Trois défilés, trois ambiances


C’était samedi en Grande-Bretagne et y avait du monde dans le bourg. C’était samedi, à Paris, et ils étaient moins de mille. C’était lundi, à Paris et y avait pas un chat, ou presque. Pour le premier on avait convié la populace à la fête même ceux qui n’étaient pas contents. Pour le second, on était entre soi, entre sang pur, et évidemment ça limite. Pour le troisième, les badauds étaient filtrés en amont, même ceux qui étaient contents. Plusieurs défilés, plusieurs ambiances, pareil que dans une boîte de nuit où l’ambiance années 1980 fait le pendant avec celle des années 2020.
Dans l’arrière salle de l’Ancient Mariner, en haut de Lime Street, tandis que, à la télé, le nouveau roi, Charles III, et la reine Camilla descendent le mall au cœur de Londres, les habitués du pub plongent, de temps à autre, le nez dans leur bière. De la cérémonie, ils n’en ont pas manqué une miette. Ce n’est pas pour autant qu’ils soient royalistes, ou contre la monarchie non plus. Sur cette affaire là, ils seraient plutôt « je-m’en-foutisme » . Le défilé en grandes pompes n’est d’ailleurs pas leur principal sujet de préoccupation. Ici, entre deux pintes, on cause plus de l’inflation et du gouvernement de Rishi Sunak, jumeau économique d’Emmanuel Macron, incapable de réduire les effets négatifs du Brexit que de Charles, de sa couronne inestimable en équilibre instable sur sa tête royale, de la robe de Camilla ou du sourire coincé du Duc de Sussex, Harry.

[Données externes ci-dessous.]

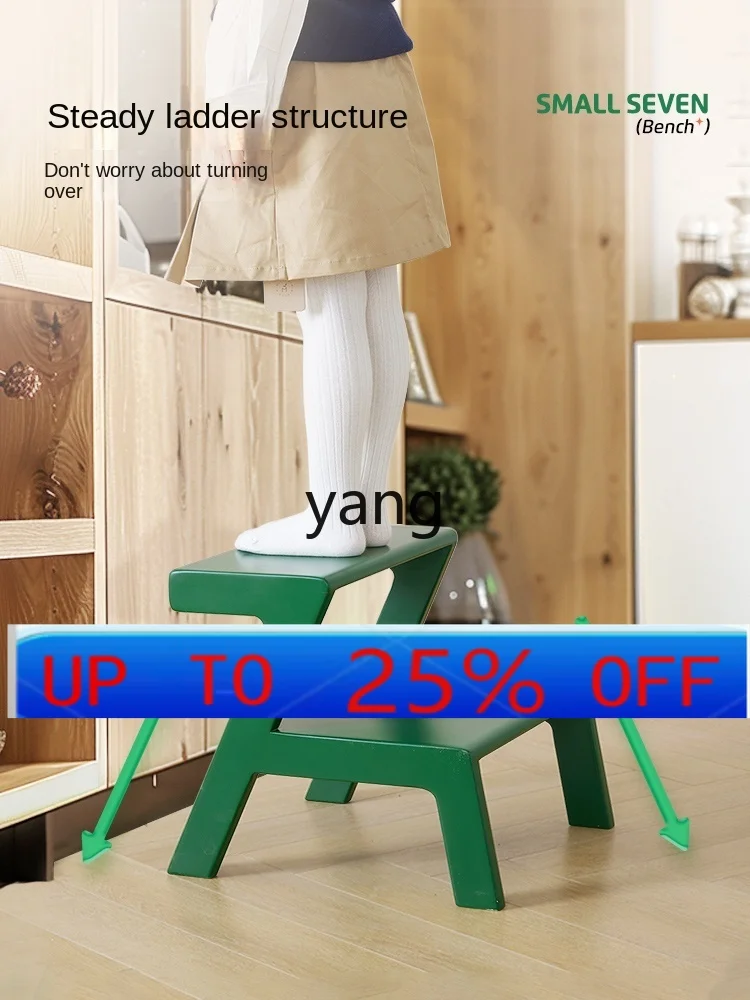 CX  Simple Solid Wood Stool Household Baby Plastic Footpad Low Stool Multi-Functional Small Bench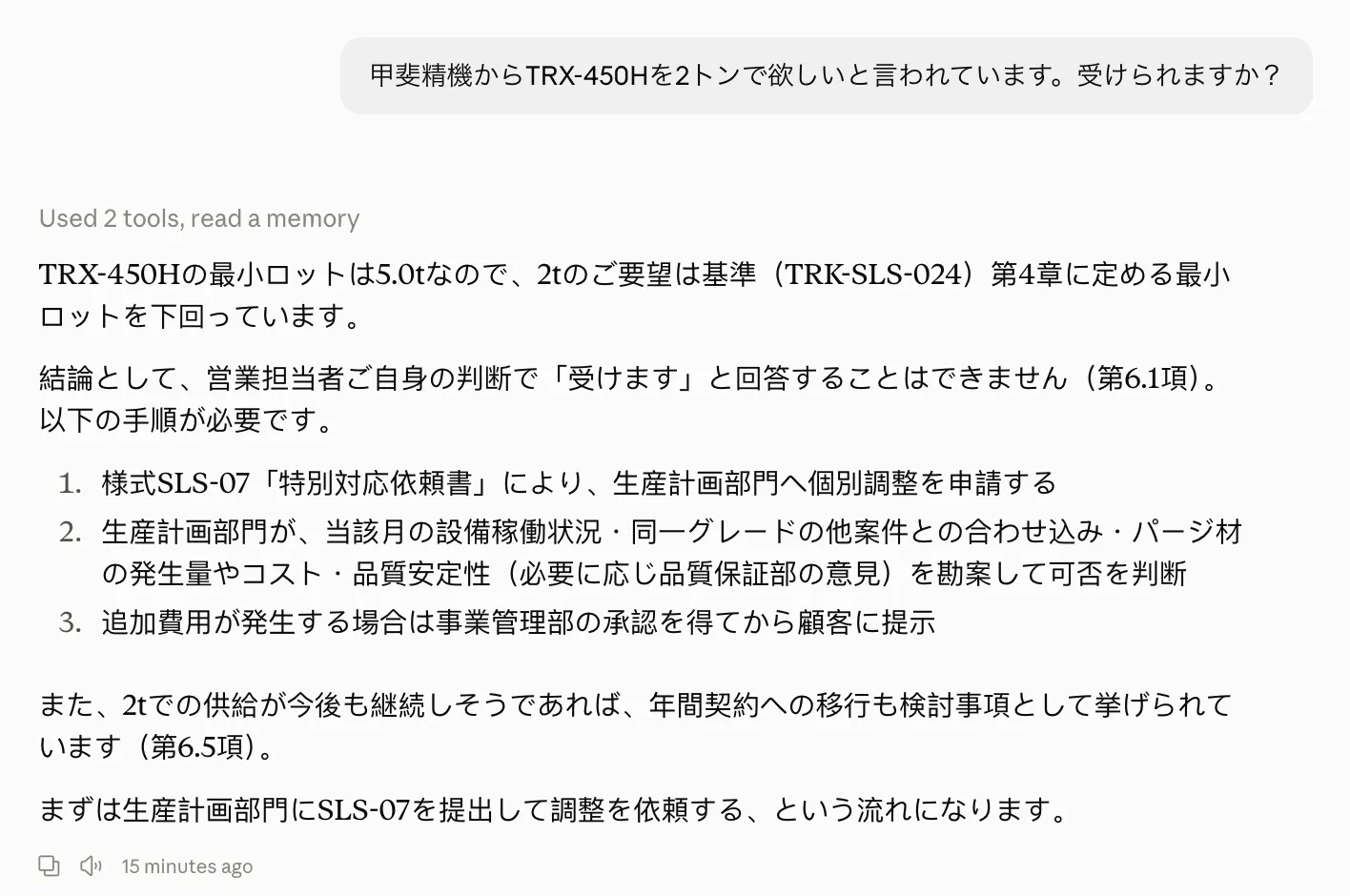 社内文書データベースのみに接続されたチャットボットの回答画面。TRX-450Hの最小ロットは5トンで2トンの依頼は基準を下回るとし、様式SLS-07による個別調整の申請が必要と一般的な手順を答えている。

Le choc des images… Sur le bord de la grande avenue qui mène à Buckingham Palace, ils sont des milliers, une couronne en carton pour couvre-chef, à applaudir, à secouer dans tous les sens des Union Jack en papier, au passage du carrosse et de la troupe. Le long des Champs-Élysées, ils ne sont que quelques dizaines derrière les barrières. Pas de drapeaux tricolores au vent, pas de tentes installées depuis plusieurs jours, seulement une poignée de portables pour photographier de loin, de trop loin pour qu’il n’y ait pas un flou de bouger. Pas de rumeur, pas de clameur non plus. Sous l’Arc de Triomphe, le soldat inconnu est comme le dormeur du Val, il ne sera pas troublé cette année. Le pas cadencé et les claquements de bottes, c’était voilà 83 ans … En tendant l’oreille, il aurait pu cependant entendre, l’avant-veille, des bruits et des vociférations, dans un arrondissement voisin. En rangs serrés, le « Comité du 9 mai » avait le droit de se pavaner dans les rues de la capitale. Des néo-Nazis qui défilent en toute quiétude ce n’est pas comme si, deux jours plus tard, on commémorait la signature de la capitulation du 3e Reich. Bien ordonnés derrière leurs drapeaux noirs à croix celtique, les ex du GUD, les jeunes représentants du nouvel ordre nouveau de l’extrême droite radicale, ont pu exprimer en toute légalité leurs idées nauséabondes. Confrontés à des choix, tous les préfets n’ont pas vocation à penser comme Jean Moulin.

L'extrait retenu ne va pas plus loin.